═══ ENTRIES SUPPLIED ═══
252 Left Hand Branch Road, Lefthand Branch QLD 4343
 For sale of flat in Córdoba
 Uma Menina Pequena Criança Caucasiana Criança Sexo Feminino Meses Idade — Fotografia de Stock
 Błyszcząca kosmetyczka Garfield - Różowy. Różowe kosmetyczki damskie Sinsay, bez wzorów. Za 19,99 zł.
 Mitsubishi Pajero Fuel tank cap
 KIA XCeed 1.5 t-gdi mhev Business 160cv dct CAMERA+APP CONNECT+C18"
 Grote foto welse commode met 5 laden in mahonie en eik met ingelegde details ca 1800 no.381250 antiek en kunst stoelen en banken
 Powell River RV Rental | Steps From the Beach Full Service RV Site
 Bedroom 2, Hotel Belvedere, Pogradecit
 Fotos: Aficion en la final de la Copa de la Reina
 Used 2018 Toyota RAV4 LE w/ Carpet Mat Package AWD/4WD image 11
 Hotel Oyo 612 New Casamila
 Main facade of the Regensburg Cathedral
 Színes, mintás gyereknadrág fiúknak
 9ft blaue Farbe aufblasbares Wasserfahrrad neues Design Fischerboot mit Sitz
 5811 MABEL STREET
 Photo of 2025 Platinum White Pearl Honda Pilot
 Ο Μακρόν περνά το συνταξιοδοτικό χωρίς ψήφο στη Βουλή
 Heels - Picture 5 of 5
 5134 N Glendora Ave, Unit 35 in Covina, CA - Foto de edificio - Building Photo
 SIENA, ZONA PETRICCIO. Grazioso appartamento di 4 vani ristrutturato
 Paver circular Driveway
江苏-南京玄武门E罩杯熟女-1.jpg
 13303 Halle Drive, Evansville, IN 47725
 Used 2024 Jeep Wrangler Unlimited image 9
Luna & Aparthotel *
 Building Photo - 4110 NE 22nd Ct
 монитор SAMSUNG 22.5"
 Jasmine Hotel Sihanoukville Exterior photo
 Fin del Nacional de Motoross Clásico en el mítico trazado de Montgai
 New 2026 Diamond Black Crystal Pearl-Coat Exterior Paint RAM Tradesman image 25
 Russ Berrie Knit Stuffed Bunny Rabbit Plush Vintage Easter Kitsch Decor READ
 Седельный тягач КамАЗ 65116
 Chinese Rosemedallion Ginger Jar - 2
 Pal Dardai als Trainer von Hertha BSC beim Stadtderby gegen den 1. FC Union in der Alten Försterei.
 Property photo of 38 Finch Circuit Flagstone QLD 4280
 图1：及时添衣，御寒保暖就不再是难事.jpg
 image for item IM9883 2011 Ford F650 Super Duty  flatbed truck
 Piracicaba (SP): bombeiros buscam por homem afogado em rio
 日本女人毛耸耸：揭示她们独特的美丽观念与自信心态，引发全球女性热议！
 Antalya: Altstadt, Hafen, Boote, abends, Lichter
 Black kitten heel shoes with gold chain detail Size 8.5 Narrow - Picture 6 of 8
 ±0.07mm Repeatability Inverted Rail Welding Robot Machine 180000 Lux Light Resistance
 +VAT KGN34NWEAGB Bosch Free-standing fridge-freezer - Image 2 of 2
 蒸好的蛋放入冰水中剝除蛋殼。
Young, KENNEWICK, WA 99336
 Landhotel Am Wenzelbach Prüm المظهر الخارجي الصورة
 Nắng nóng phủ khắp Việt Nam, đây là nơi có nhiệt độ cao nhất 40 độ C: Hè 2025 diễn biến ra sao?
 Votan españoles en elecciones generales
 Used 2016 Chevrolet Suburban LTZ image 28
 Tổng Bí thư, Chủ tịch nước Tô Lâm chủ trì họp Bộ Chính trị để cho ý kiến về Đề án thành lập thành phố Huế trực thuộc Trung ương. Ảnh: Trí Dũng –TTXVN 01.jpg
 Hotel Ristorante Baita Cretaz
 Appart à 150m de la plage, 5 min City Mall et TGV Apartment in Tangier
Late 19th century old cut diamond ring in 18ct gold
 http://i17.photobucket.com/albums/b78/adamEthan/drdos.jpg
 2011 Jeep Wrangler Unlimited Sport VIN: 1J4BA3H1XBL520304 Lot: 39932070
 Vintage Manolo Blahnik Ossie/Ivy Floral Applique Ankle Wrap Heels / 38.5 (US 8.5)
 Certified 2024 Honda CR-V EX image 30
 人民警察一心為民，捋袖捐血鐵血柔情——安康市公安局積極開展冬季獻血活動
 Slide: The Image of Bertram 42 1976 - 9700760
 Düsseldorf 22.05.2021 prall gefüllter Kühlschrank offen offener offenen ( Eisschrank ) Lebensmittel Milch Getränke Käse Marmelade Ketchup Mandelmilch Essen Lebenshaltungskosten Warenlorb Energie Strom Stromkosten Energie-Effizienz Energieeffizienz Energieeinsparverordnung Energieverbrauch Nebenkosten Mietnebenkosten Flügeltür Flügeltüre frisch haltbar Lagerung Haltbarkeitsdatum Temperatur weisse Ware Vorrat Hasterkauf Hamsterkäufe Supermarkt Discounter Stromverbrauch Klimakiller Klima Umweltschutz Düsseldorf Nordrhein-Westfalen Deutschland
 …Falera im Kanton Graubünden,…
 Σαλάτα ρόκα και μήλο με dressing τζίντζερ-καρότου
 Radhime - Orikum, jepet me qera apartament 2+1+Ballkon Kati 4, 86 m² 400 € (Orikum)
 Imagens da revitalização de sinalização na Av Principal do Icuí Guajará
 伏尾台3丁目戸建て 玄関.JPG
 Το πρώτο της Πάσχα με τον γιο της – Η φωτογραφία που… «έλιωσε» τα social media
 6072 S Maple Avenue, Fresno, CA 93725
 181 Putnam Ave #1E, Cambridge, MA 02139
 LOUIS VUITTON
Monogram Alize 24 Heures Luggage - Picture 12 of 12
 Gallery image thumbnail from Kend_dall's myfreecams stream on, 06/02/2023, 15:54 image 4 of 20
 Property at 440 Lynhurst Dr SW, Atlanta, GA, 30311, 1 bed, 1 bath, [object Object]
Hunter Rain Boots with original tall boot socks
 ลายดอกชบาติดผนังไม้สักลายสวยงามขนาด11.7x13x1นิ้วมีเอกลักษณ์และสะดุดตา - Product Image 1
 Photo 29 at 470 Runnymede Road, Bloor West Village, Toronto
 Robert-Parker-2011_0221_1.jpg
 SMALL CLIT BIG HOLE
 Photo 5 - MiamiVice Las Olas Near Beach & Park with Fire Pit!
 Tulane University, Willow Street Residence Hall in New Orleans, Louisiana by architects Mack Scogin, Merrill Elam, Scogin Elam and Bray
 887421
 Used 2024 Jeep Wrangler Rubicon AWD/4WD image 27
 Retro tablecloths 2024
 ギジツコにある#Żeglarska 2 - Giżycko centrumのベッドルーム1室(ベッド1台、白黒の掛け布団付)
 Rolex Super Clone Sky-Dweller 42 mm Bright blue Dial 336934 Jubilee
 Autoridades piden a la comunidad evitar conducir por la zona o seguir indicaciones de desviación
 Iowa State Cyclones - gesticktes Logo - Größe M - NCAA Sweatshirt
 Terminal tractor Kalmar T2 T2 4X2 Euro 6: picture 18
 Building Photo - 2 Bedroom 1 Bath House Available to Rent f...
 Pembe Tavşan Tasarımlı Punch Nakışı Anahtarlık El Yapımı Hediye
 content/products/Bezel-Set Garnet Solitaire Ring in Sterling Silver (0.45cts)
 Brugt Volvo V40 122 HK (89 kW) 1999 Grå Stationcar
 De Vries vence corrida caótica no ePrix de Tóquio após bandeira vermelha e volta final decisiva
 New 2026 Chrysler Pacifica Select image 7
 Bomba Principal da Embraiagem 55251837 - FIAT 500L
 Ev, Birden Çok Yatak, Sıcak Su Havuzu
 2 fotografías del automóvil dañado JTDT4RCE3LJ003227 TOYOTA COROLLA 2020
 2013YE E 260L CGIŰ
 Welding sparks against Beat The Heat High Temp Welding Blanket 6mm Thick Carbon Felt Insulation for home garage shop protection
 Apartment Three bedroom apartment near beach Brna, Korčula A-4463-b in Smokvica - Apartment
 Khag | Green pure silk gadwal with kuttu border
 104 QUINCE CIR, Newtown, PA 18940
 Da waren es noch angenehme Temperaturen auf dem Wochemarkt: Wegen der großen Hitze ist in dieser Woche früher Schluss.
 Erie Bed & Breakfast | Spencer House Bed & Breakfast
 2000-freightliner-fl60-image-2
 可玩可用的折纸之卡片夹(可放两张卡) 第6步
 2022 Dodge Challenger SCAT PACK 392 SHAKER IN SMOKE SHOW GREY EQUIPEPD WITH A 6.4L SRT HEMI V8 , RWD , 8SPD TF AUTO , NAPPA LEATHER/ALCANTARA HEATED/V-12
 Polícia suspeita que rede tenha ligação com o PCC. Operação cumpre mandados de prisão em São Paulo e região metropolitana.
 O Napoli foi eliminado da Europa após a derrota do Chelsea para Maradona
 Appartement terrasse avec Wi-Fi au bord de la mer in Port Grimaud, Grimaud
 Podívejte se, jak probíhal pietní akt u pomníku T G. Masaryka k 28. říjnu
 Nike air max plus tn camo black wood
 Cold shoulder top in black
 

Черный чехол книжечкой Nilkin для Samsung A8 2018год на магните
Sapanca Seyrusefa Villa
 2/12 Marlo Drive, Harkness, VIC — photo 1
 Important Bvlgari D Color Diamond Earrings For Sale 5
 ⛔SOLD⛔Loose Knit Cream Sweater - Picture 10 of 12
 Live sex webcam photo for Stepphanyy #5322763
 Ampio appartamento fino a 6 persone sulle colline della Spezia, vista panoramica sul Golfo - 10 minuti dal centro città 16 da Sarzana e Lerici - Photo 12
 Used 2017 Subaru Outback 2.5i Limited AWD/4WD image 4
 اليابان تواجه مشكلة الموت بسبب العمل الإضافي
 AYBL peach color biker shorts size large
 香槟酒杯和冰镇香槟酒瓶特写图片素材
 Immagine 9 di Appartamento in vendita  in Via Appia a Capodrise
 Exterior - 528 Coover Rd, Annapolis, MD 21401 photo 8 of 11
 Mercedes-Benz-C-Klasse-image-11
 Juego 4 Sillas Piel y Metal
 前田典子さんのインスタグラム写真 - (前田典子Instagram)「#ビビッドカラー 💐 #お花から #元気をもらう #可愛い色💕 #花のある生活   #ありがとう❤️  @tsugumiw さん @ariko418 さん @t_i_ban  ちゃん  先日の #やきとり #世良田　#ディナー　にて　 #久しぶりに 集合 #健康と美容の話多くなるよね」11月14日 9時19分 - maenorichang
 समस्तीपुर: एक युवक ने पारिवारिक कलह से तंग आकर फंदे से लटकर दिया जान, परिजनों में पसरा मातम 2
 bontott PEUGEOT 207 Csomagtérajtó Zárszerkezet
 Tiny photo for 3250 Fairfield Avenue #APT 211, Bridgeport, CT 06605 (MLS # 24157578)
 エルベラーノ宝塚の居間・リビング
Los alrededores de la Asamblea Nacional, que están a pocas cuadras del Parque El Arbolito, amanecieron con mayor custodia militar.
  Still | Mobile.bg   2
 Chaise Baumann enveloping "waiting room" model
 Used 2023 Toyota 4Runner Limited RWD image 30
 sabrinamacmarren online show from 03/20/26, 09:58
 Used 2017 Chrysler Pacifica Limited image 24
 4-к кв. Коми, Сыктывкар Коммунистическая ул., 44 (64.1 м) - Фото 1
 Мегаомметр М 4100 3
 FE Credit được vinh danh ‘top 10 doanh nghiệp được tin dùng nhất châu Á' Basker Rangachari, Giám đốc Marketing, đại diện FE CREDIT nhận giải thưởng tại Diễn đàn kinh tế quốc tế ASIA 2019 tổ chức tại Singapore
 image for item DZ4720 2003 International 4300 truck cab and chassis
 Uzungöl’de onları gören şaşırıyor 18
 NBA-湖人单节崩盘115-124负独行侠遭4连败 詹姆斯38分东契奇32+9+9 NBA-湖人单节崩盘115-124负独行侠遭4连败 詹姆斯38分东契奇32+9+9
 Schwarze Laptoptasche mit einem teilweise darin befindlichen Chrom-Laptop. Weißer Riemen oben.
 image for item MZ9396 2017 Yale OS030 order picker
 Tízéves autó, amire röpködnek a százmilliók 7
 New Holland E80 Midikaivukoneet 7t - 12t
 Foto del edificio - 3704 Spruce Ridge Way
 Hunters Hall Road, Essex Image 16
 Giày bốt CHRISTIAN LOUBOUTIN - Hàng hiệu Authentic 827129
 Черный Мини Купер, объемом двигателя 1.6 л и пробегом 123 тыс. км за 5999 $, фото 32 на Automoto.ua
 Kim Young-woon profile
═══
* _TO DO_
Output the lines above exactly, but only those between the line holding "Still | Mobile.bg" and the line holding "Tízéves autó, amire", inclusive.

* _WRITTEN RESPONSE_
  Still | Mobile.bg   2
 Chaise Baumann enveloping "waiting room" model
 Used 2023 Toyota 4Runner Limited RWD image 30
 sabrinamacmarren online show from 03/20/26, 09:58
 Used 2017 Chrysler Pacifica Limited image 24
 4-к кв. Коми, Сыктывкар Коммунистическая ул., 44 (64.1 м) - Фото 1
 Мегаомметр М 4100 3
 FE Credit được vinh danh ‘top 10 doanh nghiệp được tin dùng nhất châu Á' Basker Rangachari, Giám đốc Marketing, đại diện FE CREDIT nhận giải thưởng tại Diễn đàn kinh tế quốc tế ASIA 2019 tổ chức tại Singapore
 image for item DZ4720 2003 International 4300 truck cab and chassis
 Uzungöl’de onları gören şaşırıyor 18
 NBA-湖人单节崩盘115-124负独行侠遭4连败 詹姆斯38分东契奇32+9+9 NBA-湖人单节崩盘115-124负独行侠遭4连败 詹姆斯38分东契奇32+9+9
 Schwarze Laptoptasche mit einem teilweise darin befindlichen Chrom-Laptop. Weißer Riemen oben.
 image for item MZ9396 2017 Yale OS030 order picker
 Tízéves autó, amire röpködnek a százmilliók 7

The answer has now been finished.